6. With female artists the Catch 22 stereotype is that women can't work together/with others and when they do, it is counted against them as "needing help" or not being "skilled enough" or "original enough" on their own. So when people counted the writers and producers on Beyoncé’s album and decided that Beck was better because he was a one-man band, they conveniently overlooked the same number of collaborators Bey pulled in was standard in the making of Off the Wall, Thriller, and a host of iconic albums by Sting, Bowie, et al. When Kendrick Lamar pulls in half of the LA jazz and independent artist scene for To Pimp a Butterfly, no one utters a world about him 'needing help' or not being original. The exact opposite occurred. Robert Glasper owes his current fame to collaboration albums and he's considered a savior of jazz. Why is communitas and collaboration among female creatives in pop projects not valued? Why is their agency dispersed because they don't mind sharing credit and pooling voices to represent a broader (largely under represented) whole?

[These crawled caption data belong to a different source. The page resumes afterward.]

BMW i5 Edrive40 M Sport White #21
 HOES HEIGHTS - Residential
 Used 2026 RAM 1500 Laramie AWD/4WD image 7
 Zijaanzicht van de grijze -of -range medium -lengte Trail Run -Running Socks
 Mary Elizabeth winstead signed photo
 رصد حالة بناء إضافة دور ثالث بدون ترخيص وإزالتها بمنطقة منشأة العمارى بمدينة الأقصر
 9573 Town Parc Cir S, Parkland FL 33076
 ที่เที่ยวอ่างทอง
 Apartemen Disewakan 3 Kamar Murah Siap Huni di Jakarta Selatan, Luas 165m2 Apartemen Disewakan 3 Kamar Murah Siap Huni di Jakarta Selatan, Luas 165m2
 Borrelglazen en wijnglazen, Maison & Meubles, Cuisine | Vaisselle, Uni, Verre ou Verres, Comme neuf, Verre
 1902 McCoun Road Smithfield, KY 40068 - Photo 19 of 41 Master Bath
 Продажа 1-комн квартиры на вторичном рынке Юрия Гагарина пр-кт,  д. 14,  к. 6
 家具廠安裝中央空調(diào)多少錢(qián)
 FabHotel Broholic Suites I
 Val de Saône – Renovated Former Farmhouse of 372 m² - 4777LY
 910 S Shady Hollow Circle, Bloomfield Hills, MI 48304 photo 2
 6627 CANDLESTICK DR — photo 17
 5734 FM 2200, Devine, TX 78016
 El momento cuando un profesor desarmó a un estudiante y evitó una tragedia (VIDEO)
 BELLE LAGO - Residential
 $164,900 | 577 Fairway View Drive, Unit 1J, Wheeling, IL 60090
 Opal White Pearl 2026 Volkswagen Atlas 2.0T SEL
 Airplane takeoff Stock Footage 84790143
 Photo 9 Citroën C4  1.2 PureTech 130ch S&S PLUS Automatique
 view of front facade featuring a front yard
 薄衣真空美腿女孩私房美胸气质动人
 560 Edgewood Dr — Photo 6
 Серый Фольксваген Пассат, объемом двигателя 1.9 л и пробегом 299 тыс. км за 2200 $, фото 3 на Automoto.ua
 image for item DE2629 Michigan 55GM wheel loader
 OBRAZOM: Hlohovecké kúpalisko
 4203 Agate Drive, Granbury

7. How often do we notice when a female artist's authenticity is tightly attached to whether or not we perceive her work to be autobiographical? How often do we limit the ability of black female artists to speak to the collective concerns of black womanhood because it didn't line up with our own assessments of their personal life? Stevie Wonder can write phone books about songs comparing love to trees, flowers, stars, and the oceans but no one questions the authenticity of his art based on him being sightless nor having more baby-mommas than Steve Harvey but with fewer ex-wives. (Yes, Stevie has FIVE baby mommas.) If we apply the same protocols to Wonder as we apply to female vocalists, he should have more "Hear My Dear" tracks than Marvin Gaye and James Brown. We don't count the genius and authenticity of Stevie Wonder as less than because he's not producing diary albums. Why are women artists left to replicate "I Will Survive" motifs in order to be granted credit for wider resonance with audiences? 

Just a few questions/observations for now and until the next time a top tier performer releases a project destined to snatch wigs and edges unbossed and unbothered OR when a legend is called into the eternal afterparty and we feel moved to laud his or her greatness with readings of her or his contributions to pop music and the world as a whole.